Task prompt ▸ Begin at the top of the records below and print each line exactly until the line containing "14K Gold Large" has been printed; any pictures are to be left out.
**** Material for this exercise ****
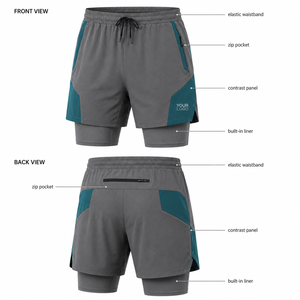 Shorts pour hommes à séchage rapide avec poches zippées, taille élastique, empiècements contrastants, double couche, design gris et turquoise, vente en gros - Product Image 1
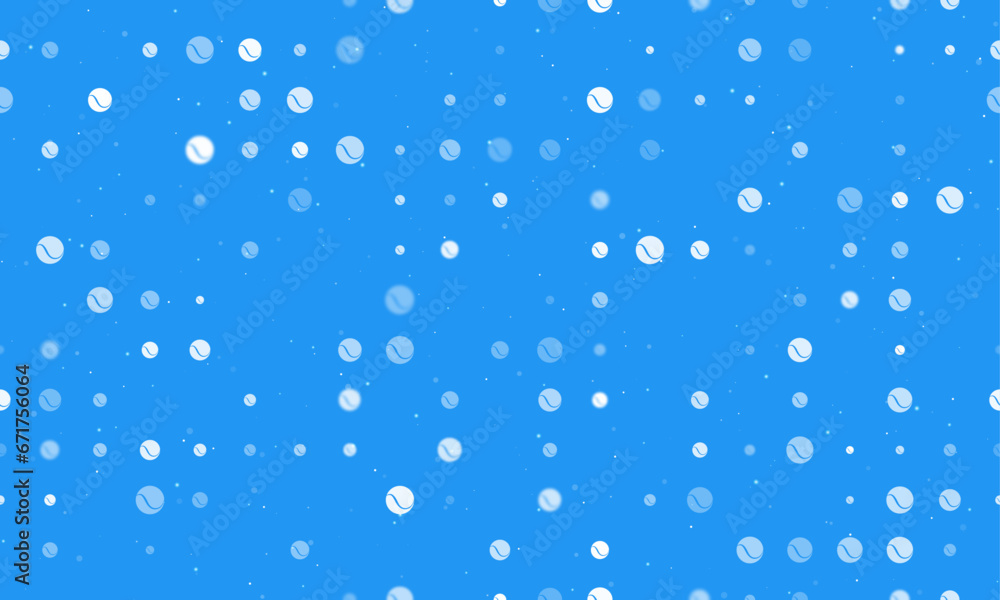 Seamless background pattern of evenly spaced white tennis balls of different sizes and opacity. Vector illustration on blue background with stars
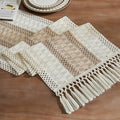 Macrame Style Bicolor Stitching Table Runner 14x108in Taupe | Woven Boho Table by ZEEMARTONLINE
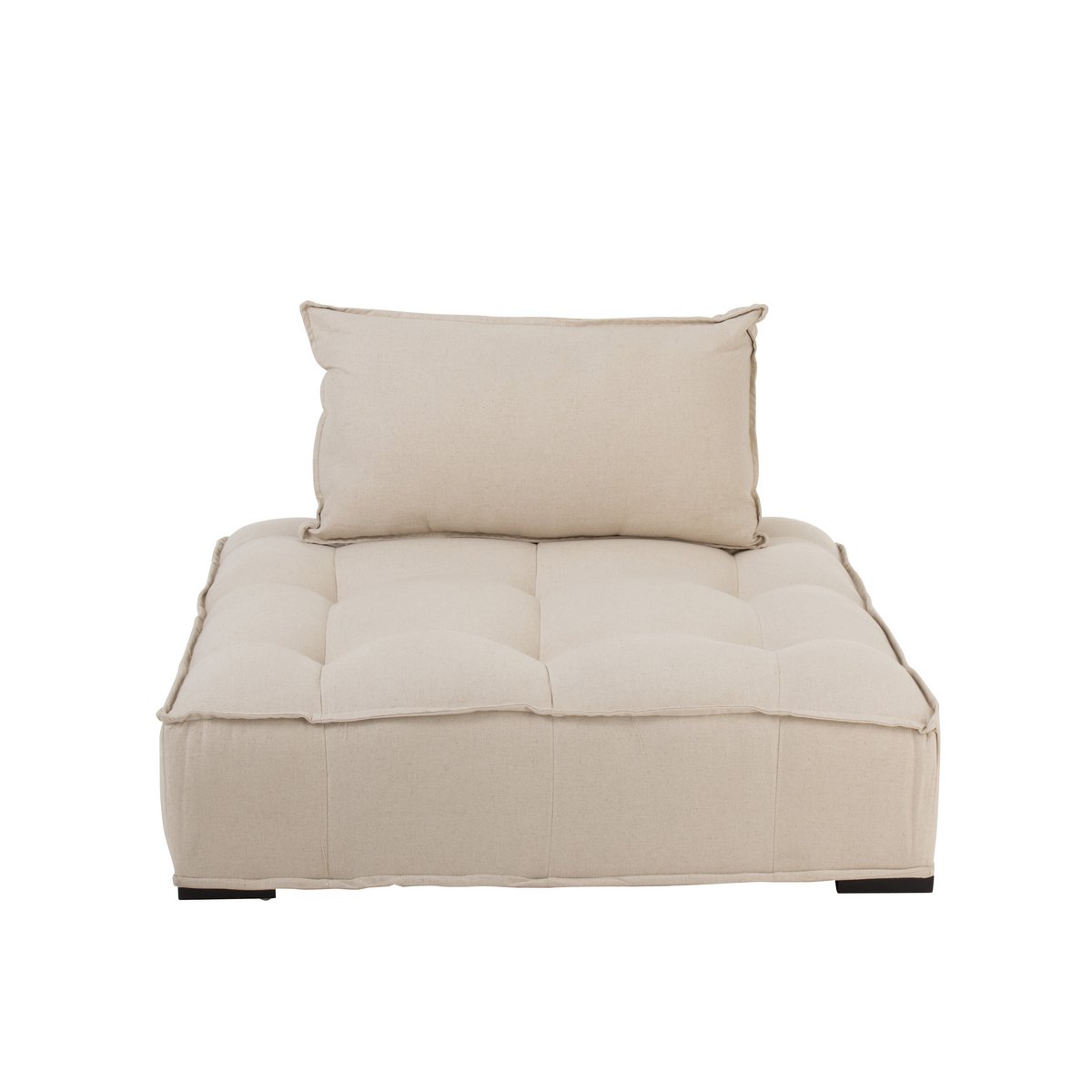 J-Line - Loungestoel/Poef 'Aline' (Linnen, 1-zit, Beige)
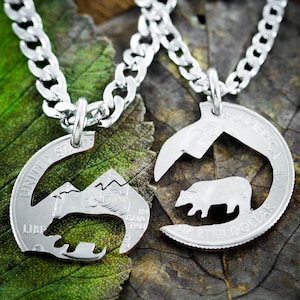 Bear and Mountain Necklaces for 2, Hiking Couples Necklaces, Best Friend Gifts, Interlocking Hand Cut Coin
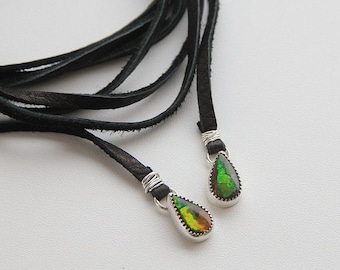 Ammolite Necklace, Black Leather Choker, Leather Wrap Necklace, Festival Jewelry, Long Boho Necklace, Sterling Silver
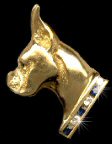 14K Gold Large Boxer Head with Diamond and Gemstone Collar and Black Diamond Eye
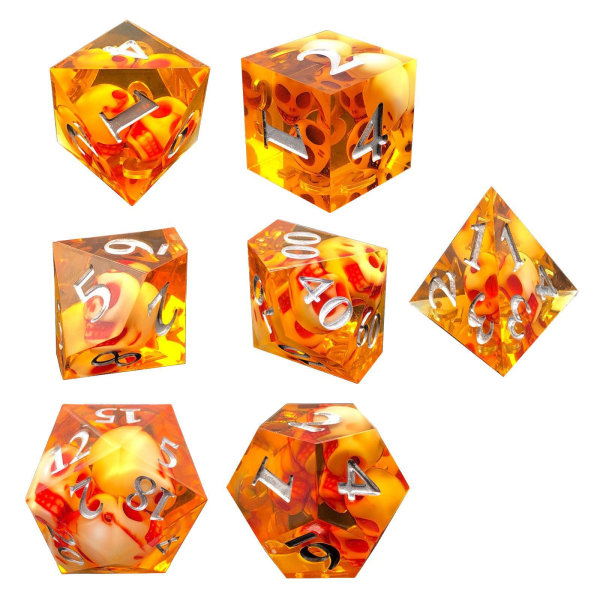 1/2/3/5 7x polyedriska tärningar D4-D20 tärning, för bordsspelsfest Yellow 1Set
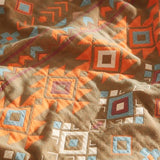 Boho Throw Blanket for Bed 80”x90”, 100% Cotton Woven Blanket for Couch Sofa, Ultra Soft 4-Layer Muslin Quilt with Diamond Pattern, Farmhouse Bed Blanket/Cover for Living Room Decor SE SOFTEXLY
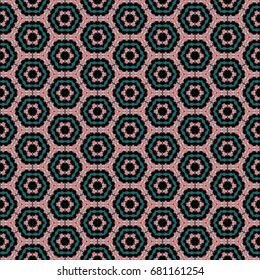 Hexagonal symmetry vector ornaments. Geometric pattern for ceramic tile, surface design, textiles, printing, wallpaper.The endless texture with abstract stars.
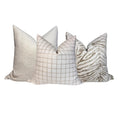 Neutral Throw Pillow Cover Set, Beige Textured Cushions, USA Handcrafted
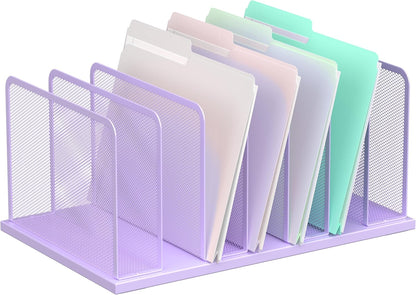 Desk File Organizer Upright Mesh Desktop Organizer File Sorter Office Organization File Holder for Home, Office & Classroom (Black, 5-Section)
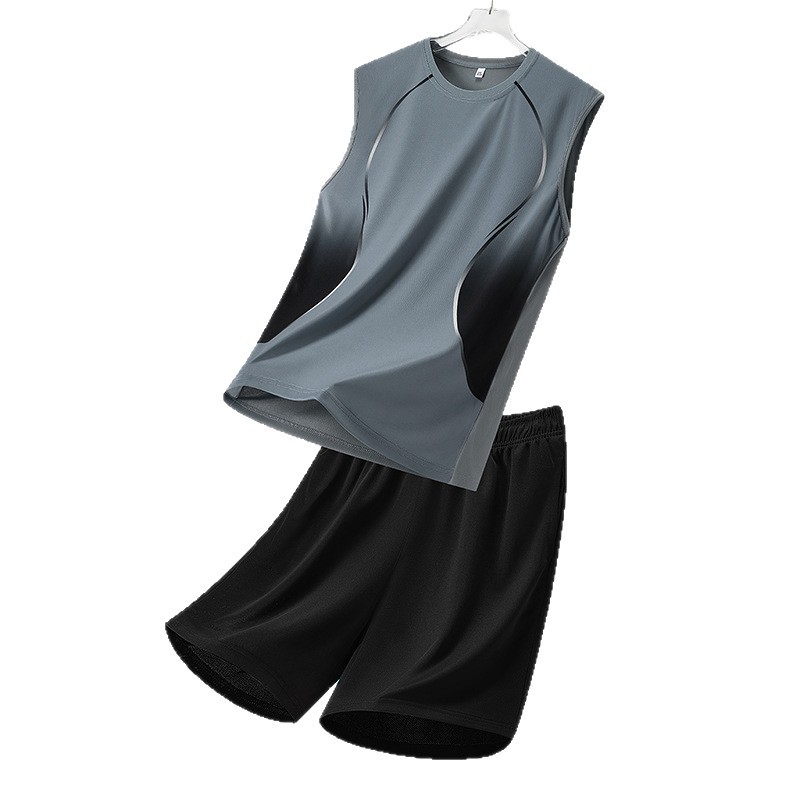 Traje deportivo para hombres de verano, traje casual para hombres, impresión graduada, suelta de dos piezas, chaleco de secado rápido, pantalones cortos para hombres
****
Response to this task ▸
 Shorts pour hommes à séchage rapide avec poches zippées, taille élastique, empiècements contrastants, double couche, design gris et turquoise, vente en gros - Product Image 1
 Seamless background pattern of evenly spaced white tennis balls of different sizes and opacity. Vector illustration on blue background with stars
 Macrame Style Bicolor Stitching Table Runner 14x108in Taupe | Woven Boho Table by ZEEMARTONLINE
 J-Line - Loungestoel/Poef 'Aline' (Linnen, 1-zit, Beige)
 Bear and Mountain Necklaces for 2, Hiking Couples Necklaces, Best Friend Gifts, Interlocking Hand Cut Coin
 Ammolite Necklace, Black Leather Choker, Leather Wrap Necklace, Festival Jewelry, Long Boho Necklace, Sterling Silver
 14K Gold Large Boxer Head with Diamond and Gemstone Collar and Black Diamond Eye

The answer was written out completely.